Red-Fish: a study of past, present and future restrictions on fishing

Red-Fish “Capturing the REDuction of FISHing grounds (Red-Fish): OWF’ development in the context of fishing grounds” is a study that aims to highlight past, present and future restrictions on fishing by mapping them.

The exclusion of fishing from certain maritime zones is one of the main factors blocking the installation of offshore wind farms. Despite France’s ambitions to develop this type of energy production, the amount of space that offshore wind farms will occupy seems relatively small in relation to the surface area of metropolitan France’s Exclusive Economic Zone (EEZ), given its vast maritime domain.

This might therefore seem a minor issue, except that offshore wind is not the only element that restricts maritime fishing activities.
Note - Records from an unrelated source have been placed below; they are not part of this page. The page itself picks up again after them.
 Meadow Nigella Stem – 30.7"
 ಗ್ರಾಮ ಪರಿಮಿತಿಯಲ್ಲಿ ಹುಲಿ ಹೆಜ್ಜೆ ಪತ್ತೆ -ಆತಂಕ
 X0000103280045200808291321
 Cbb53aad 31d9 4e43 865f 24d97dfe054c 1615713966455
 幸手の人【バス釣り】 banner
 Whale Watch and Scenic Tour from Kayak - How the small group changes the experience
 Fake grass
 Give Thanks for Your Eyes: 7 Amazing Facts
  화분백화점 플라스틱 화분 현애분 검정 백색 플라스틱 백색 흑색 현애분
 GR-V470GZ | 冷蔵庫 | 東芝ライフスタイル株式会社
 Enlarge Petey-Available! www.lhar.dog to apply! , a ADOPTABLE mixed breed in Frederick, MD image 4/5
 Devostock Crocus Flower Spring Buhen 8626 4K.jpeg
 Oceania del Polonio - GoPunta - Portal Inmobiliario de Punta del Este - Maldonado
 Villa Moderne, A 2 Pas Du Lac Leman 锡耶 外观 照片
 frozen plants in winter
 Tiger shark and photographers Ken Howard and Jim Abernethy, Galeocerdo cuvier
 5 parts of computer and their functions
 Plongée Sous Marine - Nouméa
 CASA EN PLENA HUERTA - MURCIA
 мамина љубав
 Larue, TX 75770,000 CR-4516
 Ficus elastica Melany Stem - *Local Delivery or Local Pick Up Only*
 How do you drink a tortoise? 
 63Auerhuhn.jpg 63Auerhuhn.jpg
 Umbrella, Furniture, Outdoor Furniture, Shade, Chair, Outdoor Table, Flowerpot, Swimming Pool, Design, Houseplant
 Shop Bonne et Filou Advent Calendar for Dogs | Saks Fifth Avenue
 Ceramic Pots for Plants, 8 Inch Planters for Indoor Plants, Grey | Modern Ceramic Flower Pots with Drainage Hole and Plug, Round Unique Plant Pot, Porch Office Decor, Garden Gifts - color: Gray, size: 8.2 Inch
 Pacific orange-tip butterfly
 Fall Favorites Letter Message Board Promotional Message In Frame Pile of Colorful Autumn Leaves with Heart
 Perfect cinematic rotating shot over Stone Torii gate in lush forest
On the contrary, offshore wind farms contribute to to a whole range of different factors which, by accumulation, restrict professional sea fishing (other uses, marine protected areas, the rise of regulations specific to fishing, Brexit, etc.).

Starting from the premise that the development of offshore wind power depends in part on a good understanding of spatial restrictions on fishing, the aim of the Red-Fish project is to place offshore wind power in this more general context, by mapping the precise evolution of all restrictions on fishing, past, present and future, to ensure that fishing and offshore wind power can coexist effectively.

The Red-Fish study is being carried out by the Littoral – Environnement – Télédétection – Géomatique (LETG) laboratory at the University of Nantes, in close collaboration with the fisheries committees of the different maritime areas and the national fisheries committee.